The most important benefit the use of this account has afforded is transparency and accountability in the reporting of funds received and expenditures made. Each dollar received and expenditure incurred has been clearly detailed and documented.”
Obviously, having special interests chip in to make social occasions possible for Senate and staff is a wonderful thing for taxpayers.
The following passage is found in the cover letter to the audit of the Missouri House:
“Donations are solicited from lobbyists by House members and/or staff for various costs, including staff Christmas parties, retirement receptions, and food for late work sessions. The House did not maintain records of the expenses paid by lobbyists, therefore, the extent of such payments and the lobbyists who paid them could not be readily determined; however, the amounts could be substantial as our audit of the Senate noted over $49,000 was donated by lobbyists during the 3 years ended June 30, 2008, to pay similar expenses of the Senate and its staff. In addition, the House did not notify or remind the lobbyists of the need to report the expenses paid on behalf of the House to the Missouri Ethics Commission.
“Actively soliciting donations from lobbyists could give the appearance of, and may result in, a conflict of interest. To promote compliance with laws related to lobbyist activities, the House should notify lobbyists of the reporting requirement when soliciting and receiving donations, and of the need to amend expenditure reports filed with the Ethics Commission for any donations not previously reported.”
The House response is just as arrogant as the one given by the Senate:
“The House of Representatives agrees that all donations or gifts provided to reportable entities should be fully and correctly reported to the Missouri Ethics Commission (MEC).
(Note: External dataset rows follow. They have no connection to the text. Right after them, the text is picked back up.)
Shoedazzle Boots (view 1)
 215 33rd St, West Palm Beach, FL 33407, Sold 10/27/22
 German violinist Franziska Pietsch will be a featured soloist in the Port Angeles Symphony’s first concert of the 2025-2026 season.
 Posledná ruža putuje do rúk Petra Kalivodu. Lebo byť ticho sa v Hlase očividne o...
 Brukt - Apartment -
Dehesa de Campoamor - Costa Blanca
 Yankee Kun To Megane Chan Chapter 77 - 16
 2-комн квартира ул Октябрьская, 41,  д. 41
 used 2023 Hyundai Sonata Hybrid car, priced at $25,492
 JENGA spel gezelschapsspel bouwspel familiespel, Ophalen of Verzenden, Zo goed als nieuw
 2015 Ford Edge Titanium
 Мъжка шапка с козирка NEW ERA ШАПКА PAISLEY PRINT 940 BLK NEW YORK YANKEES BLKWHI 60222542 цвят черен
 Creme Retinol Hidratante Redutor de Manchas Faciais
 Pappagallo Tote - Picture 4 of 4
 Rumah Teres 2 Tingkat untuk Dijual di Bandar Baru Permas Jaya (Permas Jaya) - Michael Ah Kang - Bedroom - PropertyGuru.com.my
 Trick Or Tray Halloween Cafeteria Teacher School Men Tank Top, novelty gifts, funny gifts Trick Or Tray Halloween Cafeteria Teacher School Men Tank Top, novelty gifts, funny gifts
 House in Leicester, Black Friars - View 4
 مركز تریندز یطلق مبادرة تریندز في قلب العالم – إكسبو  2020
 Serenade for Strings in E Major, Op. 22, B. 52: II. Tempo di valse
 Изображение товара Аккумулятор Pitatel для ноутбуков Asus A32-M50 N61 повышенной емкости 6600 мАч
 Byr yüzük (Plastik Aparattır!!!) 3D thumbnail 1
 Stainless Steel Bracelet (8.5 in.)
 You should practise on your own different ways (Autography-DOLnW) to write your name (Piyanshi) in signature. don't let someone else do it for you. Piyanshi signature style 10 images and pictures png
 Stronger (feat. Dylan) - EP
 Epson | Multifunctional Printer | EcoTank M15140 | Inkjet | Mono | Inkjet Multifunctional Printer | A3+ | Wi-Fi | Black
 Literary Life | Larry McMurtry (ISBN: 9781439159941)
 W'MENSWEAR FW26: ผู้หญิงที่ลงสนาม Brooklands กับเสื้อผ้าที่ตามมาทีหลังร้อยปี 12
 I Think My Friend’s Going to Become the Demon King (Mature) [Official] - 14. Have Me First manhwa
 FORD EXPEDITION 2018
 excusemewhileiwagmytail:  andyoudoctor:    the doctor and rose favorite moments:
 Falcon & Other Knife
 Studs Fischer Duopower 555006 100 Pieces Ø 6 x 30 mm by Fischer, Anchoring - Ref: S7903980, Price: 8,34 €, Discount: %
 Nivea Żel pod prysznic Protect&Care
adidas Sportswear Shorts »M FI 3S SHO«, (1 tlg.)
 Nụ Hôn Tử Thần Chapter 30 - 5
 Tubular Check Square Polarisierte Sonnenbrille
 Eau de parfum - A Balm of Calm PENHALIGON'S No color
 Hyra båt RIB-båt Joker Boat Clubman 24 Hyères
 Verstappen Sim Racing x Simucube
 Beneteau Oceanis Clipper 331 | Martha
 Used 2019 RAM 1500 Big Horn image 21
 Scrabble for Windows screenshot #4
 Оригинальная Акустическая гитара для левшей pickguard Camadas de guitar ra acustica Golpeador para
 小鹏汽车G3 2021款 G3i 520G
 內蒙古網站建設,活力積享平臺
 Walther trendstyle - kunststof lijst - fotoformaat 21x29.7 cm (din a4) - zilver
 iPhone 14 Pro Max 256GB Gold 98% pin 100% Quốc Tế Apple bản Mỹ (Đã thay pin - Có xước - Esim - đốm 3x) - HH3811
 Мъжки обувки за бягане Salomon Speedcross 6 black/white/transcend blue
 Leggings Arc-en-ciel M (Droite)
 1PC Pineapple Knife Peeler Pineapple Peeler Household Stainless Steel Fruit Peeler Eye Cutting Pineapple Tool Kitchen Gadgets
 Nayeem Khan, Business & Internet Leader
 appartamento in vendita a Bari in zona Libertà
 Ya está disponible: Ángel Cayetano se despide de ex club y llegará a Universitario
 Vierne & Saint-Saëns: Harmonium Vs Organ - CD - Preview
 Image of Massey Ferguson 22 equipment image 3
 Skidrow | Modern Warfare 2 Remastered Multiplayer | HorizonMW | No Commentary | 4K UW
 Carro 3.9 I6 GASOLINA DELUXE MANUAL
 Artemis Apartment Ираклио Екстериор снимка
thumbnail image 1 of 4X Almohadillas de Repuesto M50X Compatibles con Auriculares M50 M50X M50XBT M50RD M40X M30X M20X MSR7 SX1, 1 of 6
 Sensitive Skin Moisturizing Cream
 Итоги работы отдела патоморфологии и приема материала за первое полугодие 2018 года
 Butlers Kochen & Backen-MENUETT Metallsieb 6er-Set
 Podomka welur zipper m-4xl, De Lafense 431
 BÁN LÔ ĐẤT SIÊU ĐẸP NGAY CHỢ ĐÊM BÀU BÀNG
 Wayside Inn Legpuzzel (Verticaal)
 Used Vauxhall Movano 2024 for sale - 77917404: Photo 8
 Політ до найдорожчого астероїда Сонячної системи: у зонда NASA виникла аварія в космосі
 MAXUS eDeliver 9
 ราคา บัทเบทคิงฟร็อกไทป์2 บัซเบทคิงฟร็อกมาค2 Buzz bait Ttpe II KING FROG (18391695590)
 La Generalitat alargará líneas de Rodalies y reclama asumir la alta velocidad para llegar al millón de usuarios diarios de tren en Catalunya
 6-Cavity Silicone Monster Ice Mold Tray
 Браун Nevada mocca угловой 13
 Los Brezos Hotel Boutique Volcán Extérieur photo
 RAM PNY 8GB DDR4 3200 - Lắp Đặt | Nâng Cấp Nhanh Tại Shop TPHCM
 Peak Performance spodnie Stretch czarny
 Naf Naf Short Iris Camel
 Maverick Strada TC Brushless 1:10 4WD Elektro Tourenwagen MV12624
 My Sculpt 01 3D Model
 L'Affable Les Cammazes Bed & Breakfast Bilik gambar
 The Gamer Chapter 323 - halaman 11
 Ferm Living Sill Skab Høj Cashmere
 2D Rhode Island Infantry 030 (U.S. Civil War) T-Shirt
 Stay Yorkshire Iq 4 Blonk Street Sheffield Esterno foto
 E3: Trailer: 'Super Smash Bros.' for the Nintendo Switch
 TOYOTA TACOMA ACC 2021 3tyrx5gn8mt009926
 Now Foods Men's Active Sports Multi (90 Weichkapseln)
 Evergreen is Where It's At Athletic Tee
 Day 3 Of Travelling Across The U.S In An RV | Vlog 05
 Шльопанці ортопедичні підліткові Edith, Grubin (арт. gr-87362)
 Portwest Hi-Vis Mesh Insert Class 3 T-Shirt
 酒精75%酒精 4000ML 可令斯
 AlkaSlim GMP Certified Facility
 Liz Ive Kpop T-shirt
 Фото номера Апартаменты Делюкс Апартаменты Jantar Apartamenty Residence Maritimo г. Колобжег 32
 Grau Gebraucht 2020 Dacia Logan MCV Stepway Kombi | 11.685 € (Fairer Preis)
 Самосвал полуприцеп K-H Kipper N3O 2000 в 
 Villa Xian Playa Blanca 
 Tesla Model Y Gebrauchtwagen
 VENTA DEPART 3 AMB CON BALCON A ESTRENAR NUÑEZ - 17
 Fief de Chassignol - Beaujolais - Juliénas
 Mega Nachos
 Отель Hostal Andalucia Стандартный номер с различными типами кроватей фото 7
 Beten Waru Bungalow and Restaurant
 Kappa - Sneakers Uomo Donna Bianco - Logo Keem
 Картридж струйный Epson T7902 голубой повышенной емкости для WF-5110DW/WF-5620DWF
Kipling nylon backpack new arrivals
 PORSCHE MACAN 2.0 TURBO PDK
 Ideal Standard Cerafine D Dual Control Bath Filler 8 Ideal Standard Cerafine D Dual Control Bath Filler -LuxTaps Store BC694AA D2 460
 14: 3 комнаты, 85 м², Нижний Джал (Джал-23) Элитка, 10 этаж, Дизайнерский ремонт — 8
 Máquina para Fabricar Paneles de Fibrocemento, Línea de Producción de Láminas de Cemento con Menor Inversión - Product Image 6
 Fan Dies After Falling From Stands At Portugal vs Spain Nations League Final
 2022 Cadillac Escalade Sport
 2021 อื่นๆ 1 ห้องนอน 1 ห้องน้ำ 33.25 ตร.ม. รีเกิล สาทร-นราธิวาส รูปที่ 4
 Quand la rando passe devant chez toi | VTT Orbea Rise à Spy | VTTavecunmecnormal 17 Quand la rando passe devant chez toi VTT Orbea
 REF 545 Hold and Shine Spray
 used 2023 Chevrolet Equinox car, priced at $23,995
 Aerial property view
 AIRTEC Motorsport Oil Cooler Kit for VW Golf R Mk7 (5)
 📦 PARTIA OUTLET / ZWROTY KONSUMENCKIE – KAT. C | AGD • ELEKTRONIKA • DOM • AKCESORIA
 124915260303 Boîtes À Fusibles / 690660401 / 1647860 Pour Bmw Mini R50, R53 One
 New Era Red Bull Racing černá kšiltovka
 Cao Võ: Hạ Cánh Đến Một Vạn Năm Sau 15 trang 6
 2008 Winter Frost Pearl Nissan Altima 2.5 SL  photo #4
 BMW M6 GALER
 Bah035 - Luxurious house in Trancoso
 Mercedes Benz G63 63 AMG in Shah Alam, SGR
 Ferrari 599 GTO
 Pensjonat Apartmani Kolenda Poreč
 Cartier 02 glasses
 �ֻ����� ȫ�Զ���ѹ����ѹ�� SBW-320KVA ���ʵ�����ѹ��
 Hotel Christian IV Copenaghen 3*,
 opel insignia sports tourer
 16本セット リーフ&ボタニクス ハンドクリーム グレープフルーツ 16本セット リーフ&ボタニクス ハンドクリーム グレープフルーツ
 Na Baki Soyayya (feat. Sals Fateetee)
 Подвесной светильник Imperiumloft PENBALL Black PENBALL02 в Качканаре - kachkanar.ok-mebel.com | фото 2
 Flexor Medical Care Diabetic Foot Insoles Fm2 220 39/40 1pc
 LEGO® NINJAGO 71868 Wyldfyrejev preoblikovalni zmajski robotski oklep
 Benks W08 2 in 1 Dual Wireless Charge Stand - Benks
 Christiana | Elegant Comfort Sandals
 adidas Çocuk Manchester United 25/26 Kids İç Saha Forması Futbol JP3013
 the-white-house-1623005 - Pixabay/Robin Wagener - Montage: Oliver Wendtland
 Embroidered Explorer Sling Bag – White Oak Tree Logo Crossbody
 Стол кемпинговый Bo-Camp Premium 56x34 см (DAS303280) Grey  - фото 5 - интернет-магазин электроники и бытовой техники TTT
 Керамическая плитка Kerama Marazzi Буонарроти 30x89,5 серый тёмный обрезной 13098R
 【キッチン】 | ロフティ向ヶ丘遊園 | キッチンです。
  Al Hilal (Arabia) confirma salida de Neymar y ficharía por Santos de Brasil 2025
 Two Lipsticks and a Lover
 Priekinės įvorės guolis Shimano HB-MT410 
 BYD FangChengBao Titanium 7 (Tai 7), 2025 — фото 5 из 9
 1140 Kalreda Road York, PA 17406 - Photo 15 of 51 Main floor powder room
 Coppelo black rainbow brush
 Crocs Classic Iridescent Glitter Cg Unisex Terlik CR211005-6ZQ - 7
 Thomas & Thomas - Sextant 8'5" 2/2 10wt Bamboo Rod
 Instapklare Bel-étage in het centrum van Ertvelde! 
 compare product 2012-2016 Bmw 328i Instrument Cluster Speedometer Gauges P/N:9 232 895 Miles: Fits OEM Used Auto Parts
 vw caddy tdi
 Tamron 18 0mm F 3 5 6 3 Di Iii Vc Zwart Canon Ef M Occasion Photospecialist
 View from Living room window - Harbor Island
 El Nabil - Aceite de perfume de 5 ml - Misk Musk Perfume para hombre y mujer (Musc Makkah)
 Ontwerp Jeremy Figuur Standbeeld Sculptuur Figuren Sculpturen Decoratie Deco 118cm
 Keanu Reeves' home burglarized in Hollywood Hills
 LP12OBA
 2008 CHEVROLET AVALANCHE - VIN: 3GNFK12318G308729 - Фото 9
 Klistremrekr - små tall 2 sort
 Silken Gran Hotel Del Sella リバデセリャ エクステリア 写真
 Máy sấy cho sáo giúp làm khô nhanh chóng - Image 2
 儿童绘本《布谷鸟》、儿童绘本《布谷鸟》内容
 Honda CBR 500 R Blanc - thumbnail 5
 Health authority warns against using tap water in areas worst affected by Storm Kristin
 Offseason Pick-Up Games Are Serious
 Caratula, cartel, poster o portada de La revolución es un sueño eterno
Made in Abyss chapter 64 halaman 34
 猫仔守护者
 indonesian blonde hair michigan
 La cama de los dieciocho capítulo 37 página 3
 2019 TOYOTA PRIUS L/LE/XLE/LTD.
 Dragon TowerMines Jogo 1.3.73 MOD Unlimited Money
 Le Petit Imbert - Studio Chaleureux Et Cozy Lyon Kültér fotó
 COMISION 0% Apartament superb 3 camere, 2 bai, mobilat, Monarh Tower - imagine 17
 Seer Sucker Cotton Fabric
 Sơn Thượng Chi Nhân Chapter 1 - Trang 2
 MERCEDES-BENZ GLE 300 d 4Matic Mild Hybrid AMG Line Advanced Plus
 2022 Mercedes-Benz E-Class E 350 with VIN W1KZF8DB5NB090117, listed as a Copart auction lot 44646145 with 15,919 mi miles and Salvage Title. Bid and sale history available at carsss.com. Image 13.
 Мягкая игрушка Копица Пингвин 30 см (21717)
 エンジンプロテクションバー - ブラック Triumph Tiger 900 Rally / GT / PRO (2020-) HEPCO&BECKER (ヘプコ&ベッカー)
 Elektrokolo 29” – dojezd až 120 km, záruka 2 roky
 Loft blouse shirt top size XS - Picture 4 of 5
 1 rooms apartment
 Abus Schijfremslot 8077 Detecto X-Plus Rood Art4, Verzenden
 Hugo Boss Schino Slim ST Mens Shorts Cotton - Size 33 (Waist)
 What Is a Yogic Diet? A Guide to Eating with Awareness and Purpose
However, the House has neither the jurisdiction to enforce the MEC reporting requirements nor the legal obligation to notify lobbying entities regarding reportable events or reporting methods associated with lobbyist donations or gifts; this comports with the same level of jurisdiction and legal obligation as each state-wide office holder in Missouri. Such jurisdiction and obligations are placed within the Missouri Ethics Commission to be independent of and outside the immediate reach of individuals that may benefit from such lobbyist gifts or donations.”
In other words, the fault lies with the lobbyists, not the legislators who begged them to pay for their soirees. This kind of arrogance is precisely why voters have lost confidence in elected officials. It also unfairly tarnishes the many legislators who do not condone this kind of activity.
Now would be a good time for those legislators to start speaking up.